Der Tornado entstand an einem Tag mit kräftigen Höhenwinden, auch die starken Gewitter am Folgetag. Das Unwetter im Waldviertel mit 3cm Hagel und Überflutungen war ebenso an kräftige Höhenwinde gebunden. Selbst die Gewitter im Most- und Waldviertel hatten eine signifikante Zuggeschwindigkeit. Da war also Dynamik im Spiel, das unterscheidet sie von Wetterlagen in Jahren wie 2014,2016,2017, also Gewitter mehrere Stunden im gleichen Gebiet niederregneten. In meinen Augen ein Ereignis innerhalb der natürlichen Variabilität.

[…]
Der Klimaexperte stellte jedoch fest, dass die Feuchtigkeit aus dem Boden bei der Gewitterbildung eine erhebliche Rolle spielt: „Sind die Böden bereits feucht, steigt die Neigung zur Bildung von Regenschauern und Gewittern. Gerade bei Wetterlagen mit geringen Luftdruckgegensätzen reagieren Sommergewitter sehr deutlich auf die lokale Verdunstung.“ Solange dieses Muster nicht durch eine andere Wetterlage nachhaltig unterbrochen werde, könnten sich feuchte Wetterphasen – genauso wie trockene bei wenig Niederschlag – selbst verstärken und verlängern, sagt Klimaforscher Pistotnik.

Vor knapp sechs Wochen noch waren die Verhältnisse umgekehrt, nämlich die Böden alle extrem trocken. Die Rolle der lokalen Verdunstung ist seit langem bekannt unter dem Stichwort Evapotranspiration. Das mag die kräftigen Gewitter im Oberen Waldviertel erklären, die am Sonntag, 7.6., das zweite mal innerhalb von 24 Stunden getroffen wurden, nicht aber im Mostviertel, wo es erstmals derartig heftige Niederschläge gab.

Laut Pistotnik muss aber zwischen dem meteorologischen Risiko und den Auswirkungen und Schäden unterschieden werden: „Denn die zunehmende Versiegelung von Flächen und die Verdichtung des Bodens in landwirtschaftlichen Nutzflächen erhöhen den Anteil des Wassers, der sofort oberflächlich abfließt.“

Darauf habe ich in meinem letzten Eintrag auch hingewiesen.

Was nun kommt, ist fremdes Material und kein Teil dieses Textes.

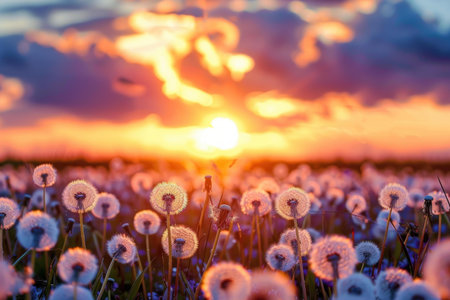 Majestic sunset skies casting a warm glow over a serene field of dandelionsの素材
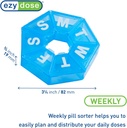 EZY DOSE 7-Day Weekly Pill Organizer, Daily Medicine Container and Vitamin Planner, Round Supplement Case, Compact Travel Friendly, Portable Storage Sorter, 7-Sided Circle, Blue BPA Free 3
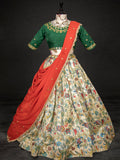 Green Color Digital Printed Zarna Silk South Indian Lehenga Choli Set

Und die öffentliche Wahrnehmung derartiger Ereignisse sei höher als früher, sagt der Klimaforscher, „da mittels Smartphone binnen Sekunden Fotos und Videos in Sozialen Netzwerken geteilt und von den Medien aufgegriffen werden.“

Richtig. Das betrifft sowohl Großhagelereignisse, Sturzfluten als auch Tornados.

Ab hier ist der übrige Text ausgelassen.